Éducation : J’ai revécu l’année de 6e, cette fois en… fanfare !

Ph Olivier SCHLAMA

Une année d’entrée au collège marque à vie, c’est comme une toile impressionniste : on s’en souvient par petites touches. Un prof important ; un événement touchant… L’ouverture d’esprit y est incroyablement  plus grande qu’il y a quelques décennies, même si le collège unique n’a pas que des qualités…
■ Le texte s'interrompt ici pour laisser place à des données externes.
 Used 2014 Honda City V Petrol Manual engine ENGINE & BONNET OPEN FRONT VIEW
Aussi initiatique qu’elle soit, cette année de 6e s’est terminée, ce mercredi 27 juin, comme elle avait commencé : en fanfare ! Les superbes félicitations décrochées par plusieurs élèves du collège Paul-Valéry, à Sète, dont ma fille, ont écrit cette douce mélodie qui répond à leur accueil plus immersif qu’imaginé, neuf mois plus tôt, avec les musiciens de la chorale, sous le croque-note Brassens à la clef. La musique fait tout passer. C’est une langue universelle. Qu’elle passe par les riffs rageurs de guitares ou la voix encore zigzaguante des ados. Quant à moi, j’ai revécu les étapes de l’année de 6e à travers ma fille, cette fois en… fanfare !
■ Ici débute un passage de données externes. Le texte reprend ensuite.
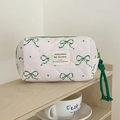 Beauty case in cotone trapuntato bianco con motivi a fiocco verde su mensola in legno - Custodia Ottagonale / Fiocco di Guava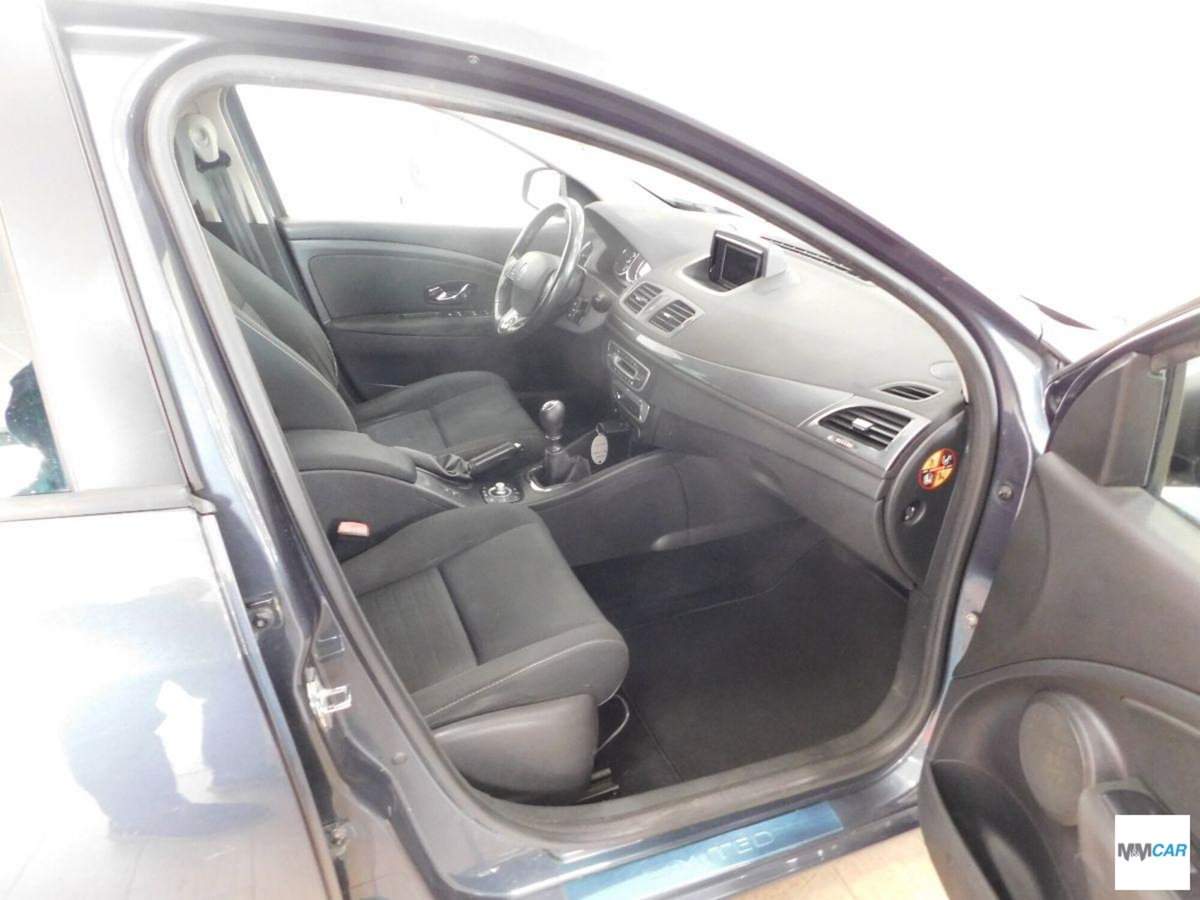 Renault Mégane SporTour dCi 110CV Start&Stop SporTour Energy Limited (6)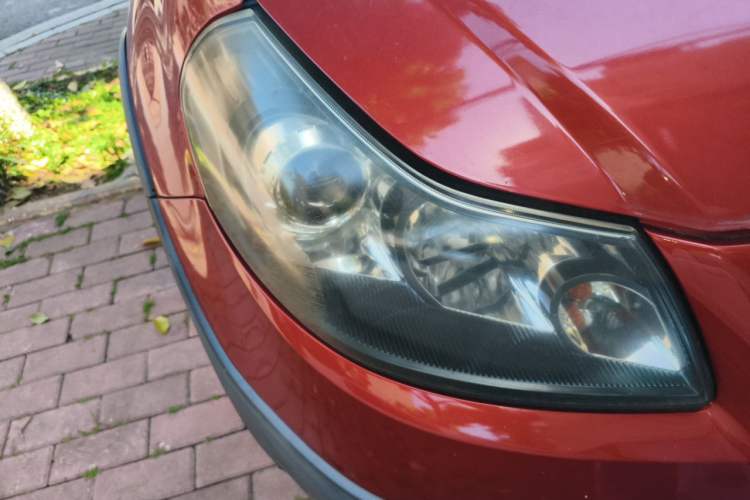 Used Suzuki SX4 2013 Koleos 1.6L Automatic Sport Model Right Front Headlight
Étonnante aubade de rentrée scolaire

Ph. N.S.

Début septembre 2023, c’est donc la chorale et les musiciens de la classe collaborative de musique du collège qui fait une étonnante “aubade“, comme le formulerait le félibre Frédéric Mistral, pape des occitanistes. Hommage envers ceux qui ont quitté, souvent avec joie, “leur” école primaire. Premier cycle du secondaire en continuité avec l’école primaire “pour tous”, le collège unique descend en droite ligne de la loi Haby du 11 juillet 1975 qui poursuit le processus de généralisation de l’enseignement, initiée sous Jules Ferry (1882). Un socle commun, un “savoir minimal”, parfois vu comme “une réduction du champ des savoirs”. Sans oublier l’incursion sensible de la violence et du harcèlement, notamment pour les bons élèves, en première ligne.

Le collège respire le spectre des possibles : fablab ; chorale ; informatique…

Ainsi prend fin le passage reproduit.